A Penn State study shows a significant link between school violence on a global scale and educational inequality.
Contrary to popular perceptions, the United States is not the front-runner in school violence but places roughly in the middle of the international pack, says Dr. David P. Baker, professor of education and sociology. Despite keen media attention, outbreaks of mass violence such the Columbine High School massacre of 1999 are still comparatively rare. A far more pervasive problem is violence in the form of physical assaults, bullying and threats of violence, say the researchers.
National patterns of school violence have little or no co-relation with the amount of violence among adults in a country or social trends such as the rate of divorce. Instead, these patterns are strongly influenced by inequities in the educational systems that, in turn, create inequities in academic attainment. Regarding root causes, school violence must be considered a separate issue from juvenile delinquency, says Dr. Gerald K. LeTendre, associate professor of education.
“Our data indicates that an increase in the variation of achievement in math was associated with an increase in the percentage of students victimized by school violence,” Baker notes. “The more school systems produce a set of academic winners and losers, the more likely they are to create an atmosphere leading to in-school violence. This does not mean that nations should stop trying to raise scores, but they should be careful to raise the performance among all students. Persistent inequality in national resources produces both long-term and immediate problems for nations, the most pressing of which may be school violence.”
LeTendre and Baker are co-authors of the book, “National Differences, Global Similarities: World Culture and the Future of Schooling,” recently published by Stanford University Press. Chapter Six, “Safe Schools, Dangerous Nations: The Paradox of School Violence,” was written in collaboration with Dr.
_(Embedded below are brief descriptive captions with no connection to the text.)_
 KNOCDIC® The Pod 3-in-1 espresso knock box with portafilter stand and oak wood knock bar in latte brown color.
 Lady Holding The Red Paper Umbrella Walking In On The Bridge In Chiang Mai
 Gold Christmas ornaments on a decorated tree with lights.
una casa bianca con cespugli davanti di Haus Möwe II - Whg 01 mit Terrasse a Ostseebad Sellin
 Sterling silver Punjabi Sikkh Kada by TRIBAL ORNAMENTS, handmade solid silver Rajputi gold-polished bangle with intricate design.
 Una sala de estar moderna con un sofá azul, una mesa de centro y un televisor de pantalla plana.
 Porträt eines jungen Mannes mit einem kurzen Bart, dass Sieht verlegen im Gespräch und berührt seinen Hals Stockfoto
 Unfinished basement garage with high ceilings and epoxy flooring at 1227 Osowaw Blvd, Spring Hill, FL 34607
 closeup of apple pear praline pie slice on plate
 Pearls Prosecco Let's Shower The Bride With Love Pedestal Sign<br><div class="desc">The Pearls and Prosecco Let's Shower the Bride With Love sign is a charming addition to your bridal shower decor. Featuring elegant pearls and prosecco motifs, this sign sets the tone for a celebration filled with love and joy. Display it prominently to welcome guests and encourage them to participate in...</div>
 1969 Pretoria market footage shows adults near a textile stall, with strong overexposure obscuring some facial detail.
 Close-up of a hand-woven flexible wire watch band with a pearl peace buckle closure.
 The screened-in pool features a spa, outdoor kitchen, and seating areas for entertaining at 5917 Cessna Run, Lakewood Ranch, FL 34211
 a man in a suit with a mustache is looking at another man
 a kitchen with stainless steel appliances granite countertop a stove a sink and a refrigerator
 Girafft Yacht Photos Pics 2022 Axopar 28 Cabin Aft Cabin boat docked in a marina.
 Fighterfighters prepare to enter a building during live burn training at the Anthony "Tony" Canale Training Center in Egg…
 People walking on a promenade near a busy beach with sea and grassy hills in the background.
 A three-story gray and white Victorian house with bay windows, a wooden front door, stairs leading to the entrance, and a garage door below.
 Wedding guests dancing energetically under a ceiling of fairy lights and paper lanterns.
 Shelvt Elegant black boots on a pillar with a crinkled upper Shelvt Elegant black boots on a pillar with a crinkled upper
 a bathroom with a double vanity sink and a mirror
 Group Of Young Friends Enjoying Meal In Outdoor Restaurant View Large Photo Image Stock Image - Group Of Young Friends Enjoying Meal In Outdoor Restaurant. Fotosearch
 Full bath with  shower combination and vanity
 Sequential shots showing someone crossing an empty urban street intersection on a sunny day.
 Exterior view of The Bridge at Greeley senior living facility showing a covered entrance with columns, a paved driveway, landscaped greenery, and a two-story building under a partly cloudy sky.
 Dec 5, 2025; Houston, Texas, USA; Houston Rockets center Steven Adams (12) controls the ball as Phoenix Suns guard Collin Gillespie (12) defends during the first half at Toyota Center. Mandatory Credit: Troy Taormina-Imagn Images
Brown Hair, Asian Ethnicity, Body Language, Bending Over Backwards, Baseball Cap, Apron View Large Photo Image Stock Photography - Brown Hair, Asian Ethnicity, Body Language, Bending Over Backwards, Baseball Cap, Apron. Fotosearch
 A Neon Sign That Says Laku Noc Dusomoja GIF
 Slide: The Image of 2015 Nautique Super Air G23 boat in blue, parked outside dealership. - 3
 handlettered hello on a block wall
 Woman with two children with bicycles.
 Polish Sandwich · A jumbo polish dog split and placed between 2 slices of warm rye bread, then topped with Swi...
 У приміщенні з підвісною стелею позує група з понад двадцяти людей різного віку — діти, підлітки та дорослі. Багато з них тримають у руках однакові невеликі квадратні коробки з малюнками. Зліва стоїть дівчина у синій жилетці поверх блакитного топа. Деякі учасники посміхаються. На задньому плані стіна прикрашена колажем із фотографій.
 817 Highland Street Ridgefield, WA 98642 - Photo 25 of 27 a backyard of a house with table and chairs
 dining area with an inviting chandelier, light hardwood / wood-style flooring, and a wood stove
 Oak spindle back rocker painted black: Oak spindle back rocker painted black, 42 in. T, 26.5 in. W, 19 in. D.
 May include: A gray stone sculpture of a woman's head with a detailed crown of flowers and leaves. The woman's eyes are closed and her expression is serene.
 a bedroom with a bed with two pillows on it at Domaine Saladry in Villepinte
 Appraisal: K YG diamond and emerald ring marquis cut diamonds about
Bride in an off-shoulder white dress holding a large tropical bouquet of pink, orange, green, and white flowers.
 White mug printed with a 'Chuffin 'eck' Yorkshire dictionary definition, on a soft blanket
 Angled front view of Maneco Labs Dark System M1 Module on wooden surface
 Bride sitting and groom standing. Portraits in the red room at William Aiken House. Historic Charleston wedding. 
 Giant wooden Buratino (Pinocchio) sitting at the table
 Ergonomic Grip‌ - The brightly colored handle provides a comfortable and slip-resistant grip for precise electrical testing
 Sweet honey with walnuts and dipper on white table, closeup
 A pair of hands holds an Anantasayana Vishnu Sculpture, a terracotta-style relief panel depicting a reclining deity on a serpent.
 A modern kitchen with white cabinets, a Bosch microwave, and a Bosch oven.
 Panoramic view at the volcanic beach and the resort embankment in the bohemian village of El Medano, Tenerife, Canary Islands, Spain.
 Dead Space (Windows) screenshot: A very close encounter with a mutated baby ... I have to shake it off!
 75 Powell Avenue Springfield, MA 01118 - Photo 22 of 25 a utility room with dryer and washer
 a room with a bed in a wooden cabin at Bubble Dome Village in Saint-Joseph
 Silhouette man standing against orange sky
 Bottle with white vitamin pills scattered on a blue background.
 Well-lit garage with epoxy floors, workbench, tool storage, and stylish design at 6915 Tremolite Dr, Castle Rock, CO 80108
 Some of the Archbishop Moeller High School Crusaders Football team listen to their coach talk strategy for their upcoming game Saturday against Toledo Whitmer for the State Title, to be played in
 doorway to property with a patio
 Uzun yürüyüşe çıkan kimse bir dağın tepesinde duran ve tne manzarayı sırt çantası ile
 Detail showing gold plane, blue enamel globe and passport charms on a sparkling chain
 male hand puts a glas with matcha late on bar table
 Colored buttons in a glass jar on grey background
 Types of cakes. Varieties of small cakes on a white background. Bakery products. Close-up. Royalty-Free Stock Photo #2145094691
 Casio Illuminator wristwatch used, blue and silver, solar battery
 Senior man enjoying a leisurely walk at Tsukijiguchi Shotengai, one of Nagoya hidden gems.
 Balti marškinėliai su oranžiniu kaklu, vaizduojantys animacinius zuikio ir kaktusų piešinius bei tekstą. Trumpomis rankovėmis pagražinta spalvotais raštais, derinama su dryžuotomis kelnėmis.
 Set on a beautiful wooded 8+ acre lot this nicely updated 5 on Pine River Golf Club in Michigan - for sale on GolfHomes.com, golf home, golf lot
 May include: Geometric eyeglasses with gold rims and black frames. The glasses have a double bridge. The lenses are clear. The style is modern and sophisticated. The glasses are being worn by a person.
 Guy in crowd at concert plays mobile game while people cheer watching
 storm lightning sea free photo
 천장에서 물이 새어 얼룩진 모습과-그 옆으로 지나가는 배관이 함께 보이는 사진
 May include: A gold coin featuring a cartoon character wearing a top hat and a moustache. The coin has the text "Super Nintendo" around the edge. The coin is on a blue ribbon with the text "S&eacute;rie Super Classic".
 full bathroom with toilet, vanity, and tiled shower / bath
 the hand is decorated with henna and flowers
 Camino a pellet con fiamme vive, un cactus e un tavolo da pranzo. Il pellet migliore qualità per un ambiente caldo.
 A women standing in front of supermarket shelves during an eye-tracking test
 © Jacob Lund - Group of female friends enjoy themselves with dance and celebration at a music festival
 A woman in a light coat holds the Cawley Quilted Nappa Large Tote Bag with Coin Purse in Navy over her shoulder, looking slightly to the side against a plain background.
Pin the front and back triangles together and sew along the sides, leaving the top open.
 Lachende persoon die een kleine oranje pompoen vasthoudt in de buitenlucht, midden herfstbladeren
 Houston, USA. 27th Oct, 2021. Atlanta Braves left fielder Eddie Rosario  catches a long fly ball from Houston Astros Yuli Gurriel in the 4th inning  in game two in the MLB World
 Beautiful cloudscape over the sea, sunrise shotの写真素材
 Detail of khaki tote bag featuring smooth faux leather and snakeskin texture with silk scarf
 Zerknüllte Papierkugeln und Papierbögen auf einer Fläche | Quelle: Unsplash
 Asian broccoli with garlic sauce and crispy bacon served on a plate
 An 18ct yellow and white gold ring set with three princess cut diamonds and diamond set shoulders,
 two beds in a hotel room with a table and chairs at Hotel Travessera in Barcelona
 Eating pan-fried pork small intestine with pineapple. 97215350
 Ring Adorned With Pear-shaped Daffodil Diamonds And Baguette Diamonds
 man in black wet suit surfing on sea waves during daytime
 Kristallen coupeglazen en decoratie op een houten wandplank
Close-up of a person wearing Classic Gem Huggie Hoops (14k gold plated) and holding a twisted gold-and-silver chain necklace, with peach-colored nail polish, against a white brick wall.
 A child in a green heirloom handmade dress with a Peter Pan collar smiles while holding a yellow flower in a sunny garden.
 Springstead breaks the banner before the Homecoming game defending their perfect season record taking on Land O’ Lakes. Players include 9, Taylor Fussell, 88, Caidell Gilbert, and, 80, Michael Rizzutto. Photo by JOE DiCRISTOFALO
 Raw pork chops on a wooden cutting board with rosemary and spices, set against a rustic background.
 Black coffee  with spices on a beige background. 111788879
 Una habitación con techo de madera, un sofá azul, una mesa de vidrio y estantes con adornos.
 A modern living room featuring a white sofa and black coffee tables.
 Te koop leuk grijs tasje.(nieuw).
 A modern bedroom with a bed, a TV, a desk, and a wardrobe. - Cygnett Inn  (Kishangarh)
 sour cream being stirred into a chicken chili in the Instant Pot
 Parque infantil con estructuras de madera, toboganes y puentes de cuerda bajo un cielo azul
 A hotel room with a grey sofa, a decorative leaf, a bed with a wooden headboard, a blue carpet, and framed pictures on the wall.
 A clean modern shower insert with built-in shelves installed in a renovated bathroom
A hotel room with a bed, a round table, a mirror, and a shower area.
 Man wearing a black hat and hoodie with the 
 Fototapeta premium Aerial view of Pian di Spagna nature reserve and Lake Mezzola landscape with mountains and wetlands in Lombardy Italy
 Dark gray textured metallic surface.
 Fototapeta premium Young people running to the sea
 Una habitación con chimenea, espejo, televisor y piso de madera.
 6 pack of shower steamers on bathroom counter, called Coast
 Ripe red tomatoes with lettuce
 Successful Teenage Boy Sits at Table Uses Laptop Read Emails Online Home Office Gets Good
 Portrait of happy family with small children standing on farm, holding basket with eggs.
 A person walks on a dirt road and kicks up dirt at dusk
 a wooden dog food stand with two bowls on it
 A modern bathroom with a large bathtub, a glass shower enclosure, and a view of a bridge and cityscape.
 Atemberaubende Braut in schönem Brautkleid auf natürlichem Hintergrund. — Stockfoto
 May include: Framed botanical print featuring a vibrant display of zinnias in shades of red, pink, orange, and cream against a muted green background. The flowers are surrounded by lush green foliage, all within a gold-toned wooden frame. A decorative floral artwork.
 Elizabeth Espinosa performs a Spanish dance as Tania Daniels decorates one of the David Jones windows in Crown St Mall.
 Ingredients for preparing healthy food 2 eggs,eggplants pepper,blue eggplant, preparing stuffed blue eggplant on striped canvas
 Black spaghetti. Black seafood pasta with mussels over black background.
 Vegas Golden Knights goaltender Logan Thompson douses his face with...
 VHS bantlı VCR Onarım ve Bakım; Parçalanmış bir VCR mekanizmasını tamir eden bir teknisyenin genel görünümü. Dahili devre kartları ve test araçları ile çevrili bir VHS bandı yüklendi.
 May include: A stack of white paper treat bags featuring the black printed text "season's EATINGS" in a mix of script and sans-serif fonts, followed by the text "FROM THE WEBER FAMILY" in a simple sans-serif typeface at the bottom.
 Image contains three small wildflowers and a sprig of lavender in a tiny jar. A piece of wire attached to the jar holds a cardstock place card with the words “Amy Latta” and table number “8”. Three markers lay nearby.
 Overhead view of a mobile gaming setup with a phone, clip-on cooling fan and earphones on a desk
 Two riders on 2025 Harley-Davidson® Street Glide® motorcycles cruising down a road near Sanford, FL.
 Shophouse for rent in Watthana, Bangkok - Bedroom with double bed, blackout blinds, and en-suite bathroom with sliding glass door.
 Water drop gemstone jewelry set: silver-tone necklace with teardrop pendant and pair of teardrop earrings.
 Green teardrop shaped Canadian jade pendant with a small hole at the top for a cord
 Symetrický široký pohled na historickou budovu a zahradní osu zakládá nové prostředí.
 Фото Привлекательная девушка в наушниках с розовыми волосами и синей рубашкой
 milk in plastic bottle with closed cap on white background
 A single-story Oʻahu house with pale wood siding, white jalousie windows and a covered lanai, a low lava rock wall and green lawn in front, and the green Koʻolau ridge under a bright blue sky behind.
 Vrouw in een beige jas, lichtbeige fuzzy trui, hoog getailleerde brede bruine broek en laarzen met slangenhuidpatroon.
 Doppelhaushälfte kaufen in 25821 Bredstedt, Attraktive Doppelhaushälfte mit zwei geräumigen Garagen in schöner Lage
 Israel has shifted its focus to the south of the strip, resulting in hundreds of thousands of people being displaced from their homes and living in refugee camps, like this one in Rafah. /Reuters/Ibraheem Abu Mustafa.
Motoko Akiba, assistant professor of educational leadership and policy analysis at the University of Missouri-Columbia.
The researchers made extensive use of the Third International Study of Mathematics and Sciences (TIMSS), which in 1994 assembled a considerable amount of data from schools in 41 nations across the fourth, 8th and 12th grades. For some analyses, they employed figures from the TIMSS-99, an identical study carried out in 1999 with 50 nations.
According to TIMSS statistics, the United States is just about at the global average in terms of school violence, with student reports of victimization by other students being the highest in Hungary, Rumania, and the Philippines.
“Student reports of victimization are our best measure for looking at how much day-to-day violence occurs in classrooms, bathrooms, hallways, locker rooms and gyms. Even in countries with a peaceful image such as New Zealand and Canada, more students reported being the victim of violence than in the United States,” LeTendre says. “Although some American schools suffer from extreme violence, most U.S. schools appear to have less violence than is found in Korea, Spain or Australia, at least from the viewpoint of the students themselves.”
If a country is serious about reducing rates of school violence, it has to commit itself to improving the quality and the equality of its schools, says Baker.
“A nation cannot rely on drastic punishment of violent students with so-called `zero tolerance’ policies alone,” LeTendre adds. “If policy makers want schools to be a safe and productive place for students to study, they need to provide higher quality instruction and more equitable distribution of opportunities to learn, not just more metal detectors.”